Pour le moment les conséquences de la hausse récente sont encore marginales pour les entreprises américaines : les méthodes de comptabilisation ne sont pas homogènes et les techniques de couverture des grands groupes exportateurs s’avèrent en pratique très différentes entre elles. Il est donc encore très difficile d’évaluer l’impact de la hausse récente du Dollar sur les résultats des entreprises américaines.

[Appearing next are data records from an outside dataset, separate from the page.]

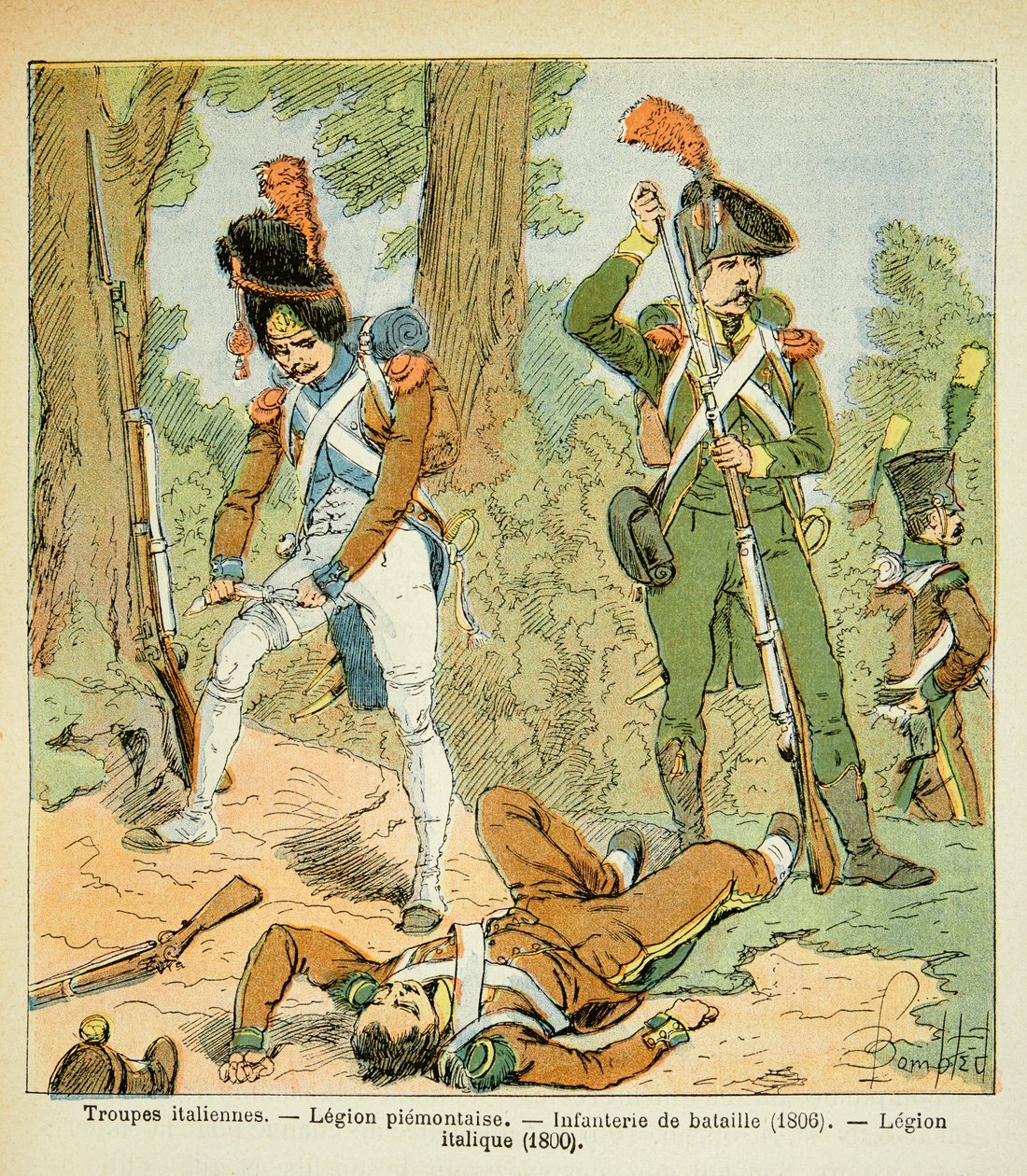 Ilustración de Louis Bombled (1862-1927) del libro “El Memorial de Santa Helena” de Emmanuel de Las Cases (1766-1842): Tropas italianas, Legión Piemontesa: Infantería de Batalla (1806), Legión Itálica (1800), Colección Privada de Louis Charles Bombled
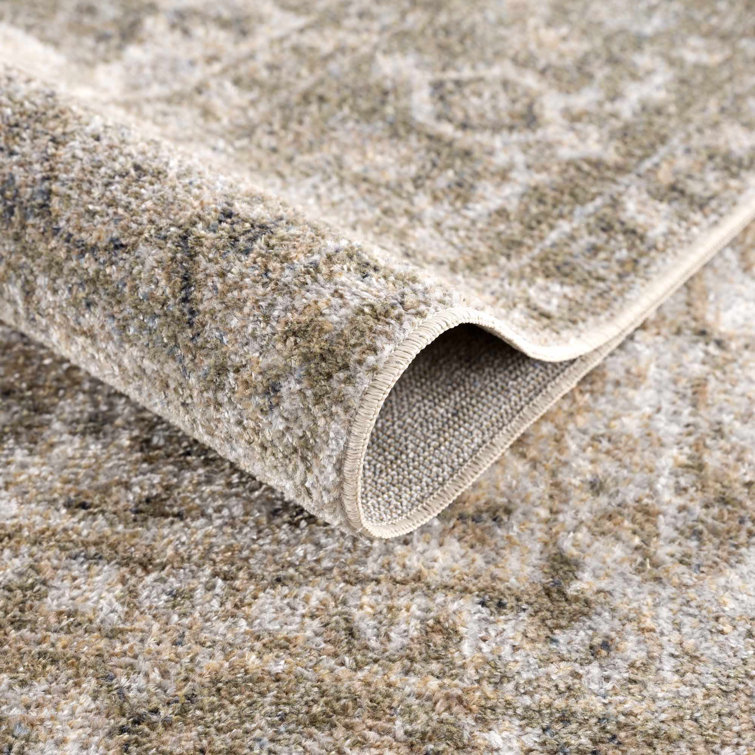 Gael Light Blue and Tan Washable Polyester Area Rug 2' x 3'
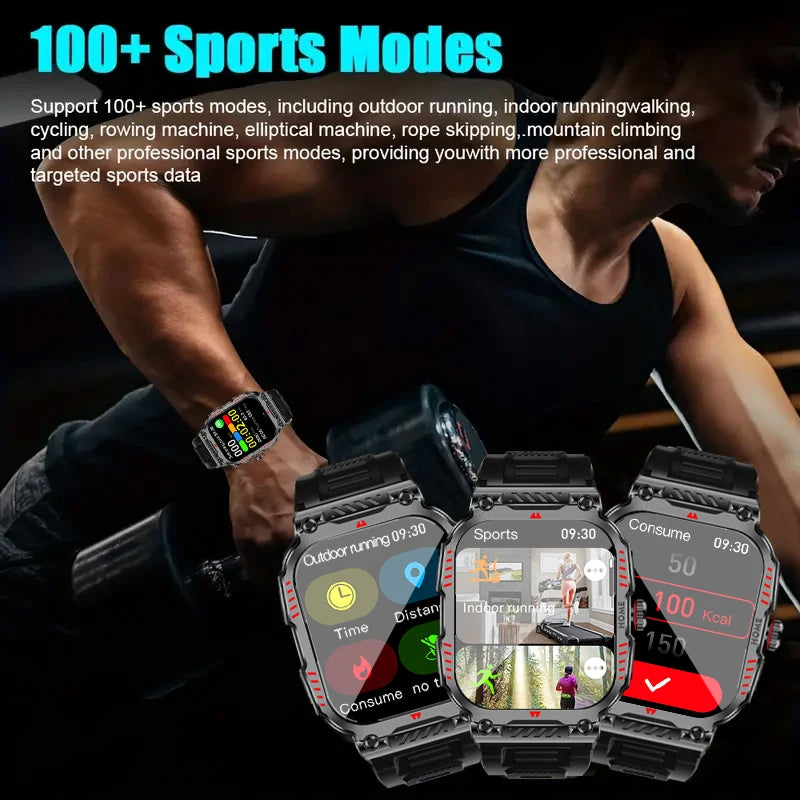 W&O X7 Plus Sports Smart Watch With LED Flashlight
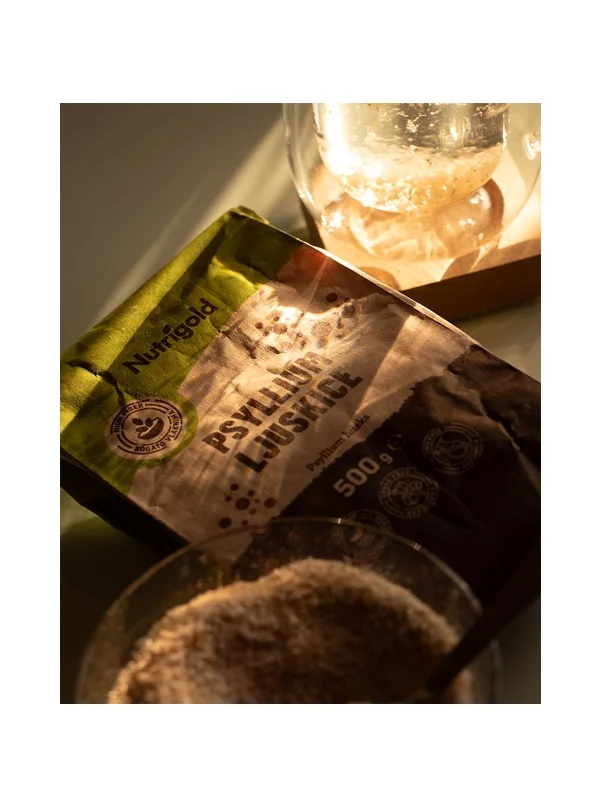 Nutrigold psyllium kosmiči v rjavi papirrnati embalaži, 500g.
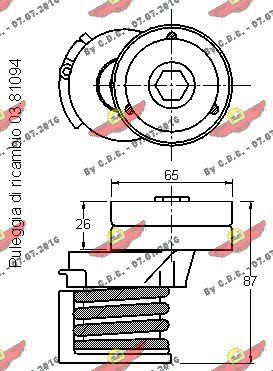 Autokit 03.81470 - Belt Tensioner, v-ribbed belt autospares.lv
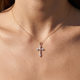 1/3Ct Diamond Cross Pendant 10k Yellow Gold Lab Grown Women's Necklace 1" Tall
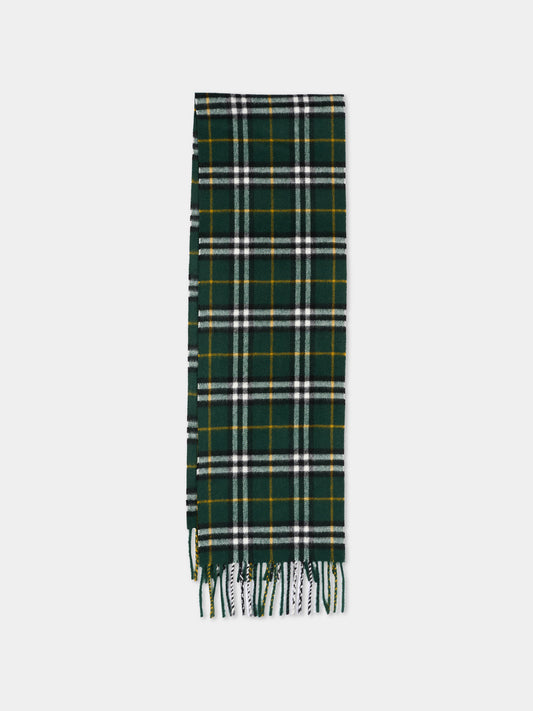 Sciarpa verde per bambini con Check Vintage,Burberry Kids,8132639 A9545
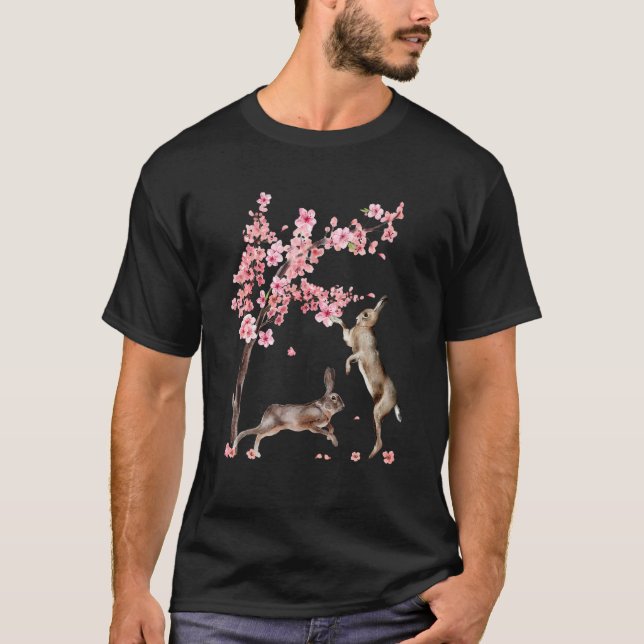 Japanese Rabbit Cherry Blossom Flower Sakura Tree  T-Shirt (Front)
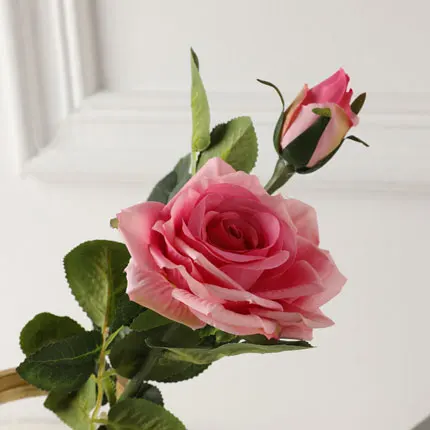 dark pink yumai 1шт 40см 2 головы розовые парижские розы искусственные цветы свадебные украшения центральным цветами - Цвет: dark pink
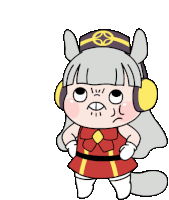 a cartoon character is wearing headphones and a red dress .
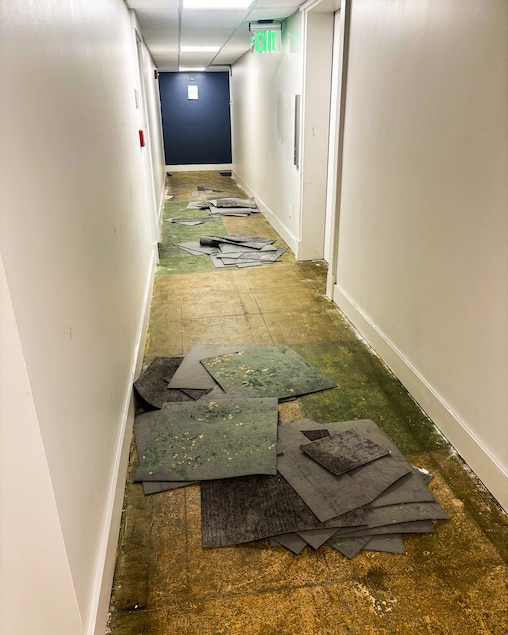 The carpeting on the 10th floor of the Berkshires at Town Center Apartments in Towson was ripped up following a fire on Jan. 19.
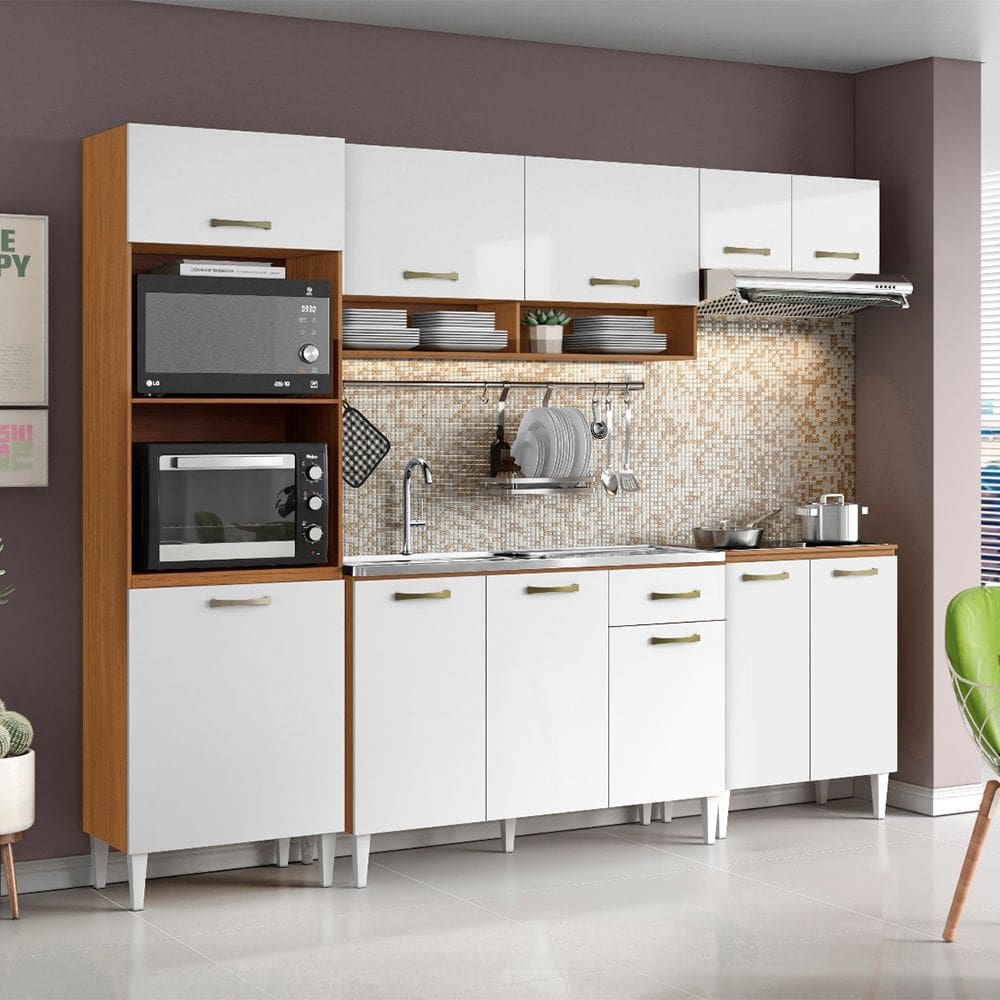 Cozinha Compacta Atenas com Balcão 120cm sem Tampo e Balcão 70cm Cinamomo Branco Aramóveis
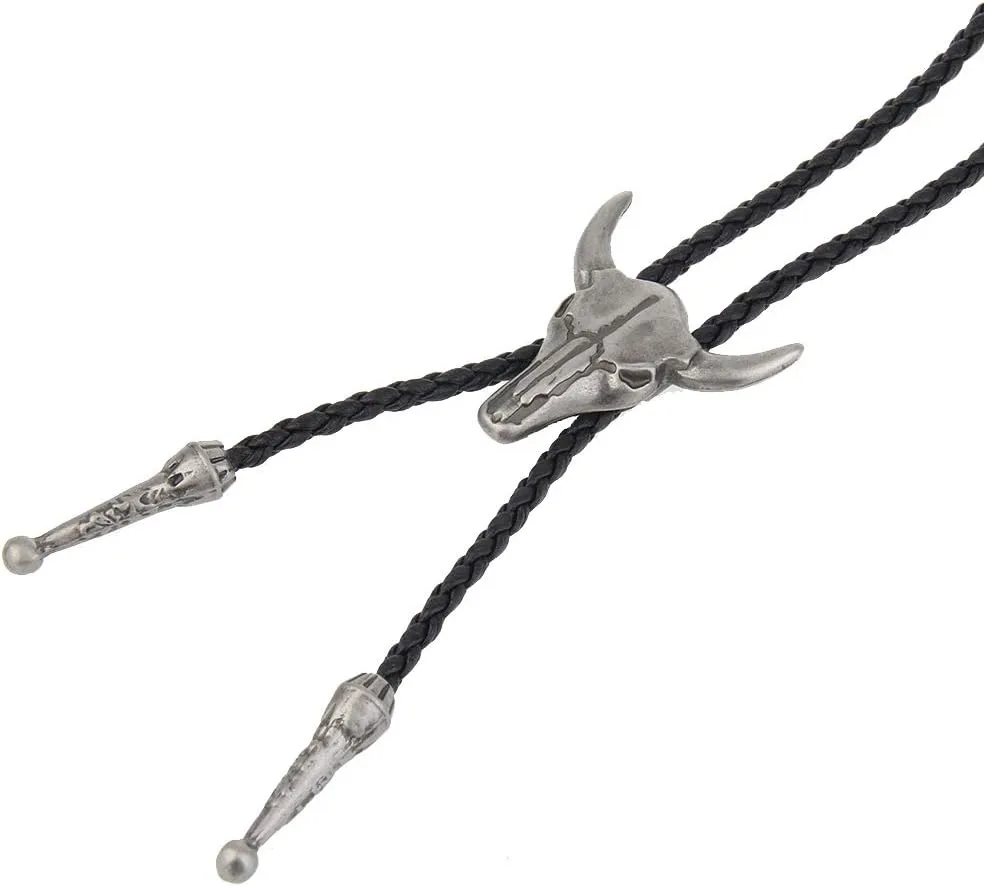 GelConnie Native American Bolo Tie Rodeo Cowboy Leather Necktie Western Necklace Costume Accessories for Men,Women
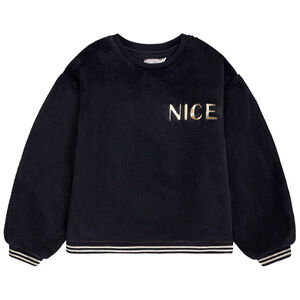 Sweat oversize en sherpa avec broderie dorée Nice pour fille 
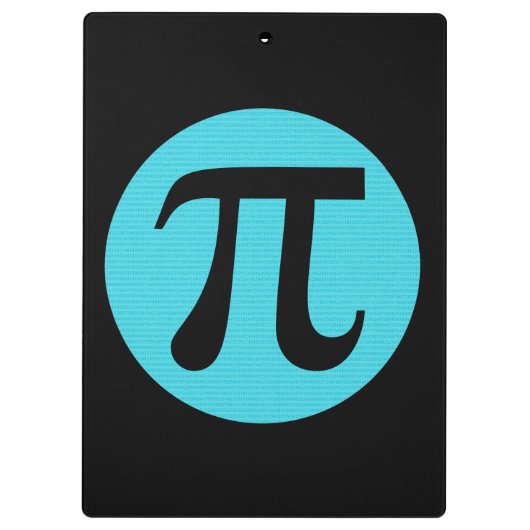Mathe Geek Pi Symbol, blau auf schwarz Klemmbrett (Rückseite)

Il est évident, a contrario, que si la hausse s’amplifie et dure quelques mois, les entreprises les plus exportatrices souffriraient. L’Euro a été pénalisé par les problèmes politiques italiens et espagnols ces derniers jours, mais le Dollar n’a pas seulement progressé par rapport à la devise européenne mais aussi par rapport à pratiquement toutes les devises mondiales. Comparé à un panier représentatif de devises, le Dollar a progressé de 5%. Le différentiel de croissance enregistré depuis début avril entre les Etats-Unis et la majeure partie des pays expliquent aussi l’évolution récente des devises.
Paradoxalement, une forme d’inquiétude commence à apparaitre suite aux résultats annoncés par les entreprises américaines du premier trimestre. Ils étaient pourtant excellents avec une progression de 25% sur un an ! Mais, compte tenu du plan fiscal massif mis en œuvre par D. Trump, les analystes s’attendaient à mieux encore. Beaucoup pensent que les résultats des entreprises américaines ont atteint un pic. Ce sentiment devrait être encore plus prégnant si la hausse du Dollar se confirme. Le secteur de la technologie par exemple tire plus de 50% de ses revenus hors des Etats-Unis, il en est de même pour beaucoup d’entreprise du secteur de la consommation. Ces secteurs seront pénalisés par un Dollar fort. A l’inverse des télécoms, certains services ou l’immobilier seront peu touchés : leur activité est domestique. Quelques banques régionales ou constructeurs immobilier n’ont pas du tout d’exposition hors Etats-Unis et sont donc totalement « immunisés ».
Pour le moment, il est prématuré d’initier des stratégies d’investissement « actions » sur la seule base d’une réflexion concernant le Dollar. Les analystes financiers n’ont pas encore révisé leurs anticipations de résultats en prenant en compte un Dollar fort pendant plusieurs mois. Ils seront contraints de le faire si la devise américaine se renforce encore.
En ce moment, c’est principalement la Chine et les risques de guerre commerciale qui préoccupent les investisseurs en actions américaines. Le secteur des petites et moyennes valeurs en profite : les entreprises qui le compose sont moins exposés aux risques liés à une hausse des droits de douane et sont d’ailleurs moins en risque à cause du Dollar fort. Ce segment a bien performé et a encore atteint des records récemment.
Pour nous qui sommes des investisseurs en Euros, la recul de la monnaie européenne par rapport au Dollar constitue un facteur de soutien indéniable à court-terme et vient contrebalancer, pour partie, les conséquences des troubles politiques en Europe du Sud.